2.4.2. Associations between Digital Media Subcategories and Substance Use Initiation
Random-effect repeated-measures regression models were used to test the association of each digital media subcategory at the exposure wave (as a time-varying and time-lagged regressor) with initiation of cannabis or tobacco product use (in separate models) at the immediately subsequent 6-month outcome wave. Analyses were conducted to examine initiation of any cannabis product, or tobacco product (in separate models), as well as product-specific initiation (e.g., initiation of e-cigarettes, combustible cannabis). Models were restricted to never cannabis or never tobacco product users at the exposure wave. All models were adjusted for time-invariant and time-varying covariates including wave, gender, race/ethnicity, friends’ substance use, and socioeconomic status (i.e., reduced or free lunch and parent education), and included a random effect of participant ID. Covariate-adjusted models were subsequently adjusted for all other social media subcategories. Missing data were managed with listwise deletion. Odds ratios with 95% confidence intervals are reported (SAS 9.4(Institute., 2017) was used to run analyses.
3. RESULTS
3.1. Descriptive Analyses
There were two analytic samples for this report, one for cannabis analyses and one for tobacco analyses (Table 1). A total of 1,841 students (Mage=16.5 years, SD=0.01) who reported no prior use of any cannabis products at baseline were included in the current cannabis analyses. Of these students, 54.3% were female, and 40.1% were Hispanic, 25.5% Asian, 16.7% White, and 17.7% of another race. Over 18 months of follow-up, a total of 421 students (22.87%) initiated cannabis use. Analyses assessing tobacco use initiation included 1,558 students (Mage=16.5 years, SD=0.01) who reported no prior use of any tobacco products at baseline. Of these students, 54.8% were female, and 41.1% were Hispanic, 25.7% Asian, 16.1% White, and 17.1% of another race. Over 18 months of follow-up, a total of 180 students (11.6%) initiated tobacco use.

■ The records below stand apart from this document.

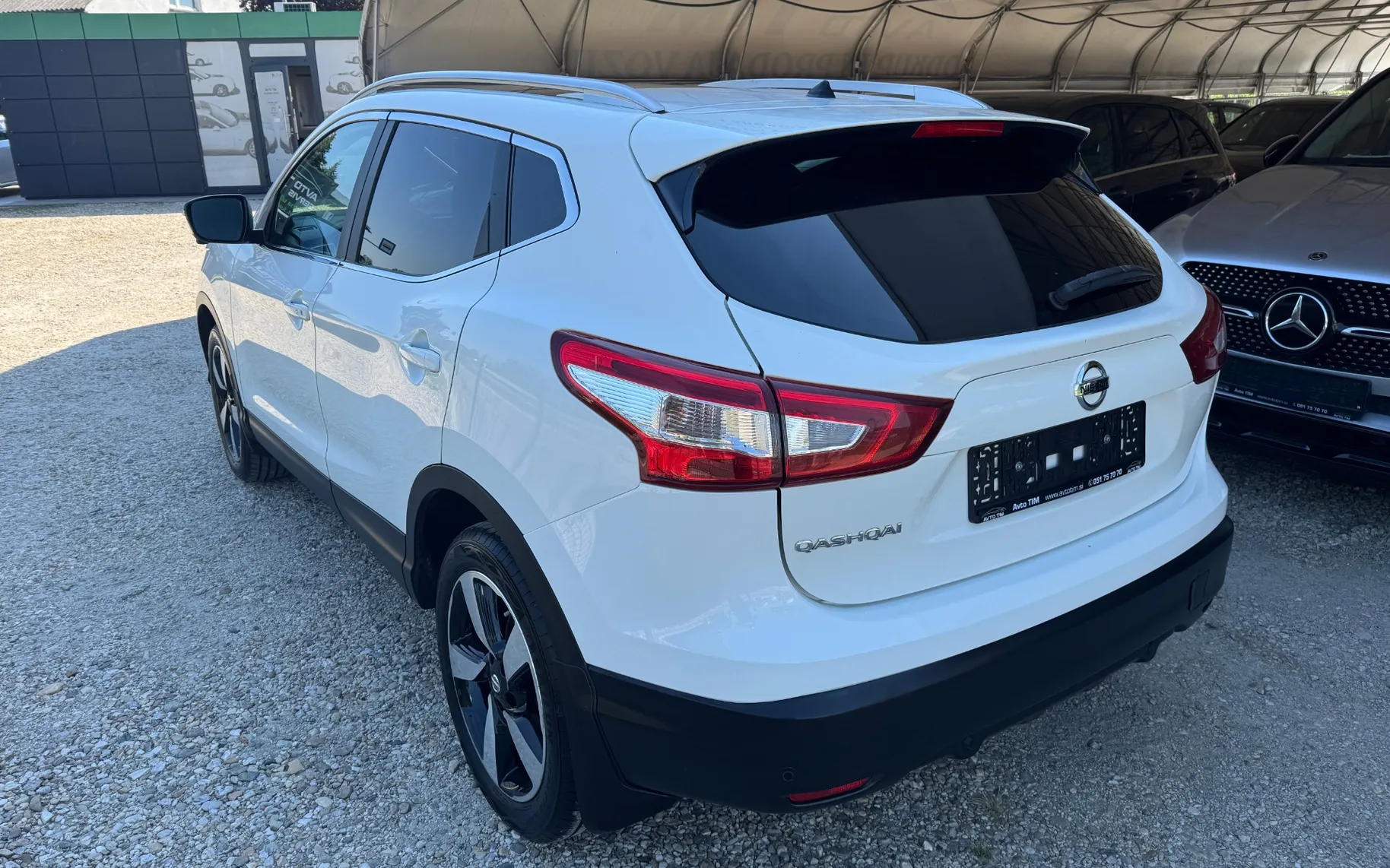 Zunanja slika - Nissan Qashqai - 1,2 DIG-T 360° - 8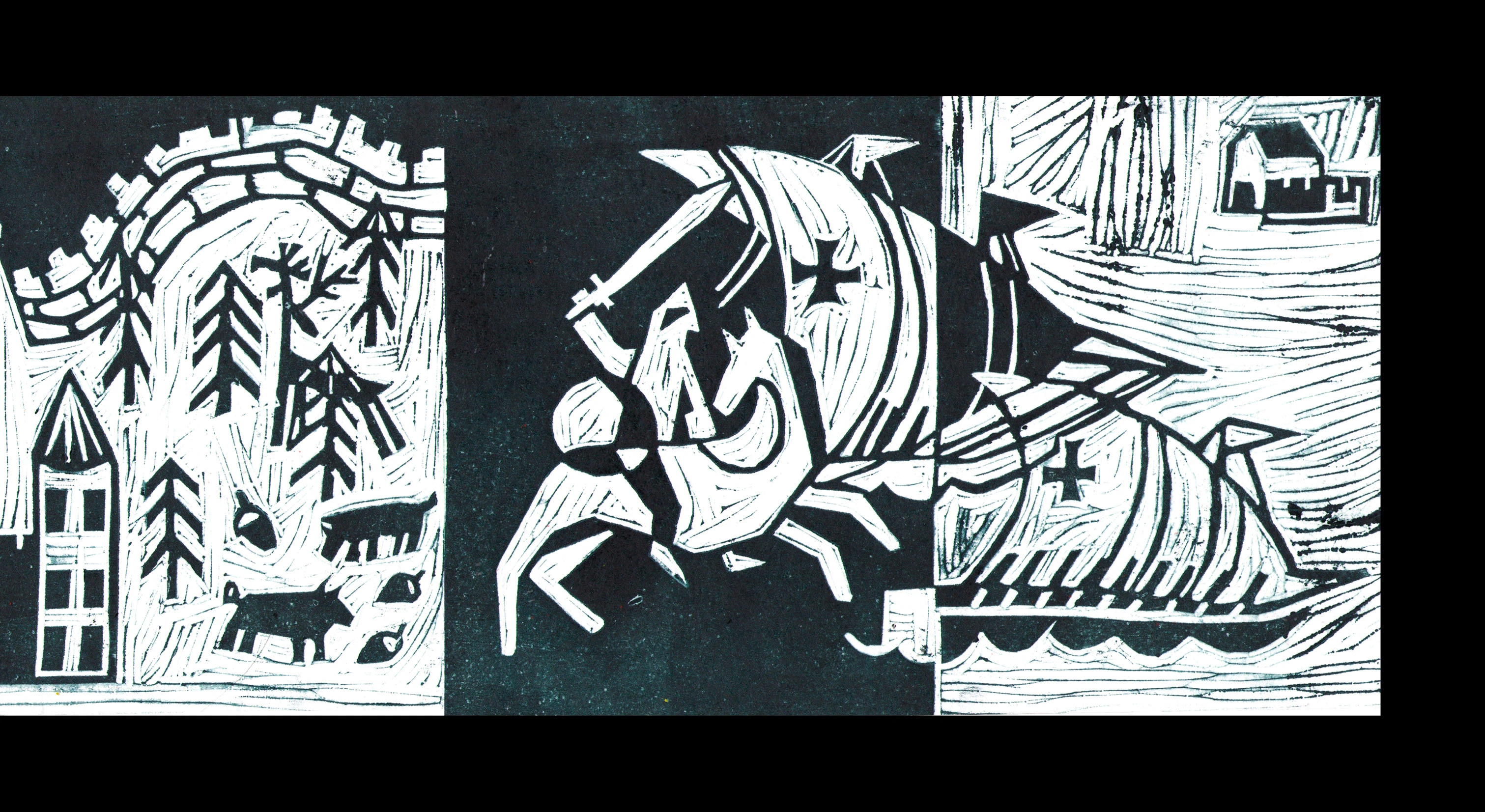 Безумное Средневековье — Изображение №5 — Иллюстрация, Графика на Dprofile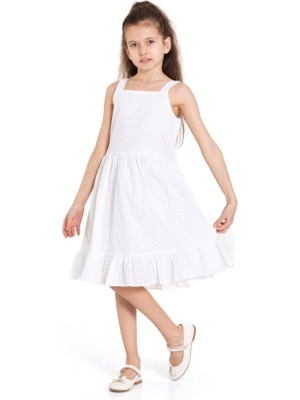 Nk Kids Kız Çocuk Elbise 4-8 Yaş 78502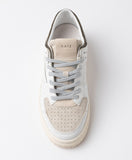 D.A.T.E. SNEAKERS UOMO TORNEO COLORED WHITE-ARMY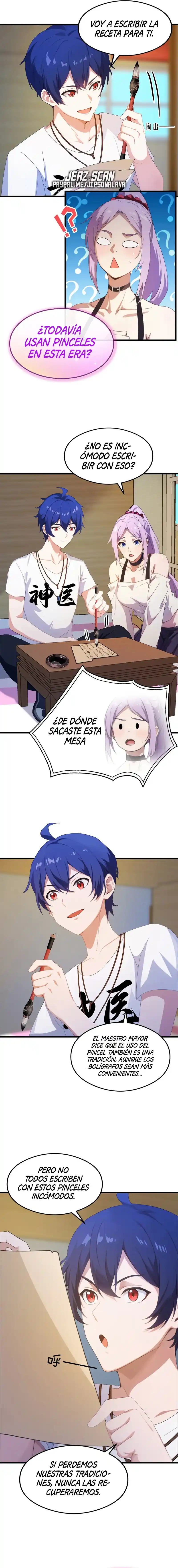 ¿Qué Nivel Tienes Para Atreverte A Fingir Delante De Mis Siete Hermanas Mayores? - Capítulo 4 - Página 8 - LectorTMOo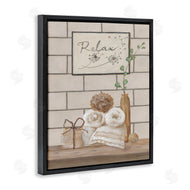 Pam Britton | Relax Bathroom Scene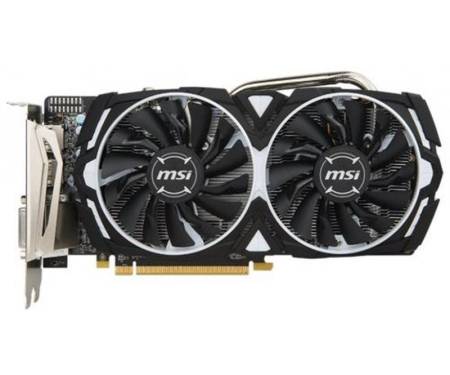 Видеокарта AMD Radeon RX 570 8Gb GDDR5 Armor OC MSI (Radeon RX 570 ARMOR 8G OC)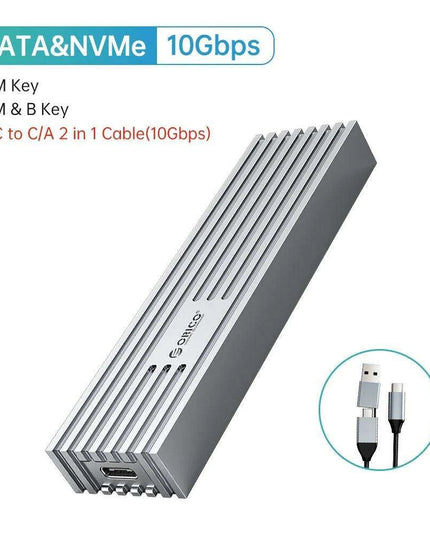 Next-Gen USB4 NVMe M.2 SSD Enclosure - Unleash Lightning-Fast Data Transfers
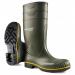 Dunlop Acifort Heavy Duty Safety Wellington Boot Green Size 08 B44063108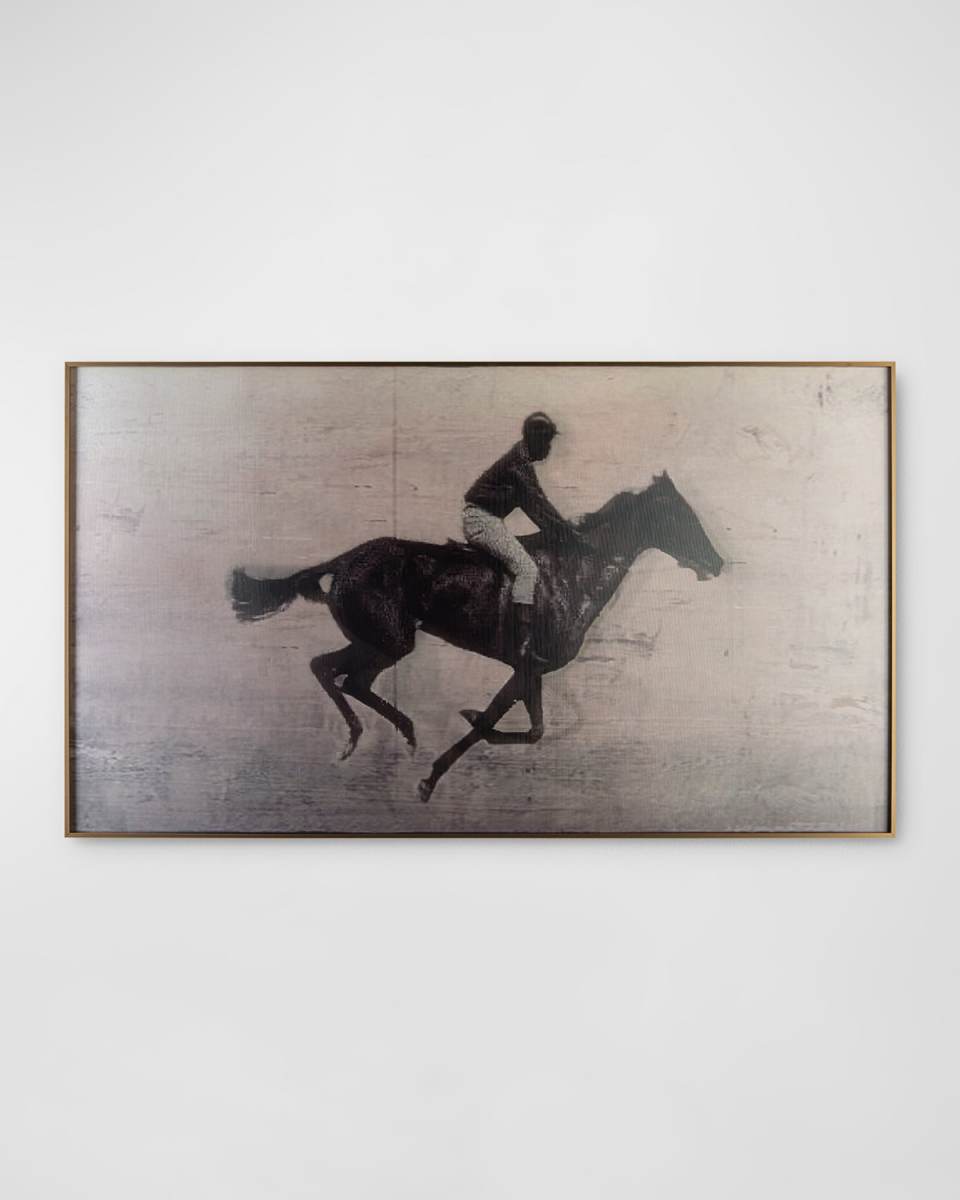 "Race to the Finish" Original Wall Art by Tony Fey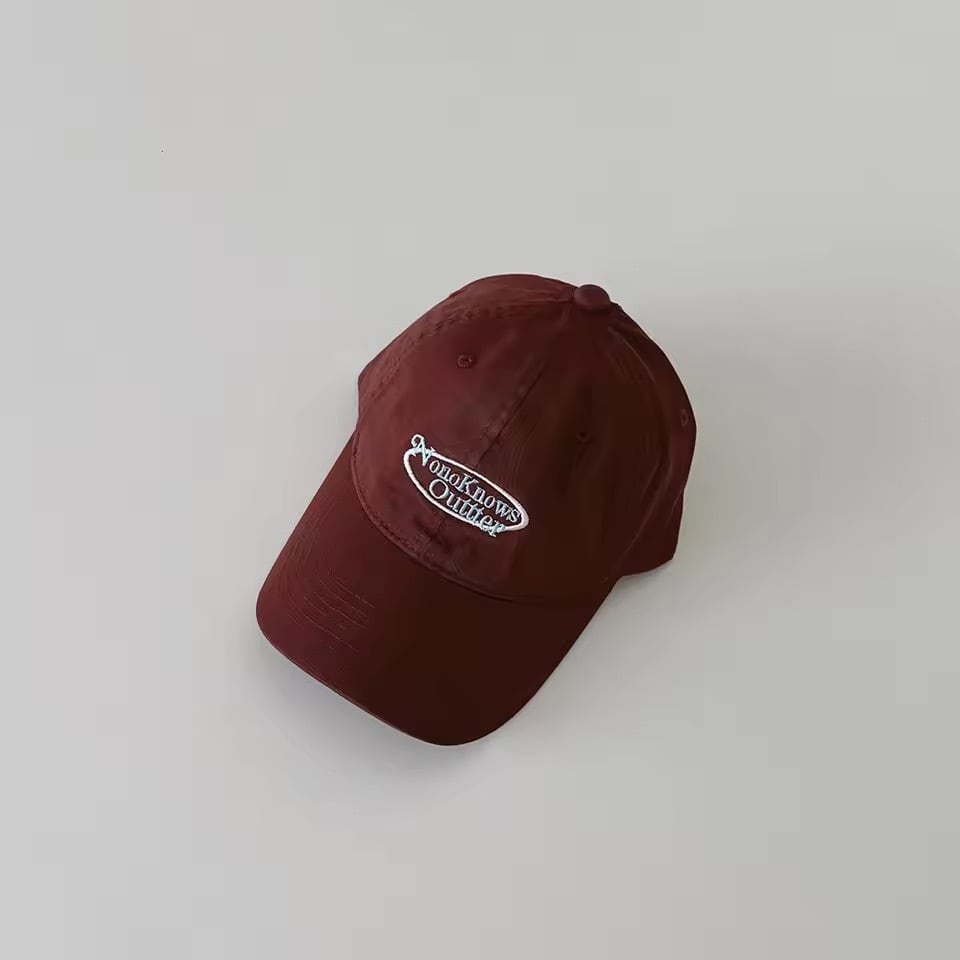 8color Nonoknowロゴキャップ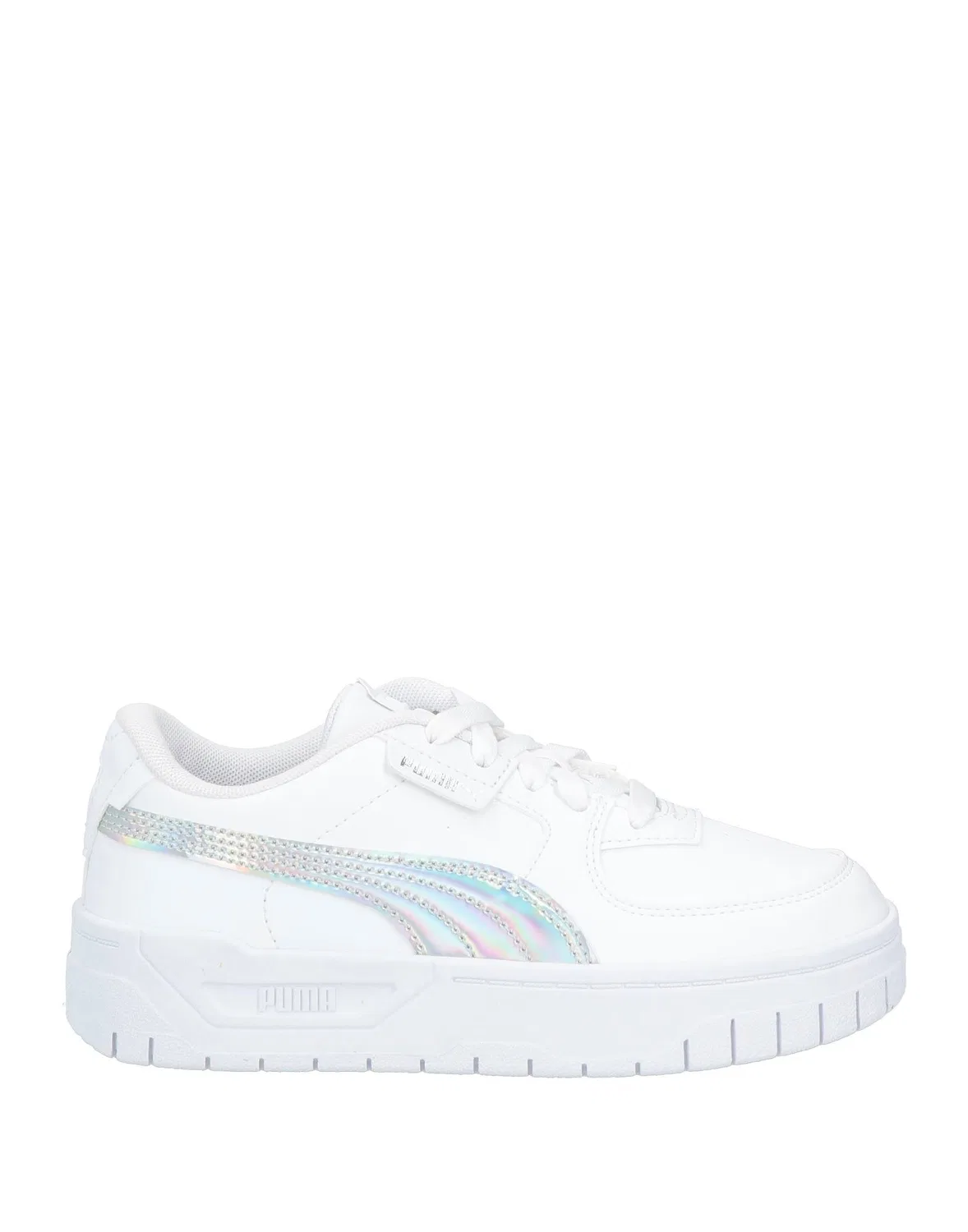 Детские кроссовки для девочек с блестками Cali Dream Iridescent Puma, белый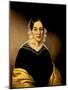 Portrait of Mrs. William Crane, C.1840-Sarah Miriam Peale-Mounted Giclee Print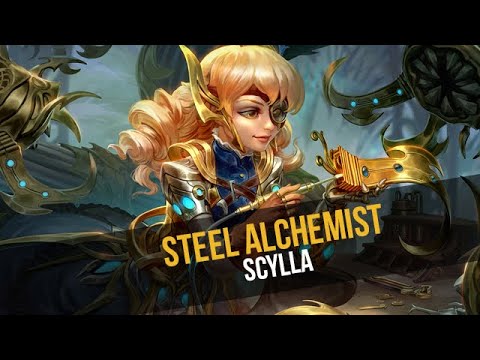 NEW SKIN for Scylla - Steel Alchemist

3.2. Digital Media Subcategories
The exploratory factor analysis identified a 6-factor solution that accounted for 97.7% of the variance (Table 3), considering the Kaiser criterion (eigenvalue >1) and evaluating the scree plots. This solution was used to inform the development of six digital media subcategories: “social media posting” (posting photos, video, or statuses; sharing others’ content), “reading news/articles & browsing photos” (browsing photos or videos online; reading blogs, articles, and news), “chatting & shopping” (video chatting; online shopping), “gaming” (video gaming alone or with others), “checking in” (checking social media sites; texting), and “music” (streaming or downloading music). We created a unique variable for each digital media subcategory. For each of the first 5 subcategories, use of one or both of the items was reported using three levels (0= no high frequency use of either item, 1= high frequency use of 1 of the items, 2= high frequency use of both items). The final subcategory, “music”, was dichotomized (0= no high frequency use of music, 1= high frequency use of music).
Table 3.
Endorsement of Activity (%) | ||||
---|---|---|---|---|
Baseline | 6 month | 12 month | ||
Social Media Postinga | No high frequency engagement | 85.0 | 83.6 | 82.9 |
High frequency engagement in 1 activity | 9.1 | 10.3 | 10.6 | |
High frequency engagement in 2 activities | 6.0 | 6.1 | 6.5 | |
Reading news/articles & Browsing photos | No high frequency engagement | 49.2 | 47.5 | 45.8 |
High frequency engagement in 1 activity | 33.9 | 34.8 | 37.6 | |
High frequency engagement in 2 activities | 16.9 | 17.7 | 16.6 | |
Chat & Shopping | No high frequency engagement | 84.4 | 83.0 | 83.4 |
High frequency engagement in 1 activity | 12.3 | 12.1 | 12.7 | |
High frequency engagement in 2 activities | 3.3 | 4.9 | 3.9 | |
Gaming | No high frequency engagement | 77.7 | 74.1 | 77.8 |
High frequency engagement in 1 activity | 10.7 | 12.9 | 10.6 | |
High frequency engagement in 2 activities | 11.7 | 13.0 | 11.6 | |
Checking In | No high frequency engagement | 31.1 | 30.1 | 26.3 |
High frequency engagement in 1 activity | 31.1 | 28.7 | 27.8 | |
High frequency engagement in 2 activities | 37.9 | 41.2 | 45.9 | |
Musicb | No high frequency engagement | 61.1 | 59.8 | 57.3 |
High frequency engagement in | 38.9 | 40.2 | 42.7 |
A unique variable for each digital media subcategory was created. For each of the first 5 subcategories, high frequency engagement of one or both of the activities was reported using three levels (0= no high frequency engagement, 1= high frequency engagement in 1 activity, 2= high frequency engagement in 2 activities).
The final subcategory, “music”, was dichotomized (0= no high frequency music engagement, 1= high frequency engagement with music).
3.3. Exposure to Digital Media Subcategories
High-frequency digital media use varied across digital media subcategories (Table 3). For example, at baseline, 37.9% of respondents reported high frequency use of both “checking in” items, while only 3.3% of youth reported high frequency report of both “chatting and shopping” items.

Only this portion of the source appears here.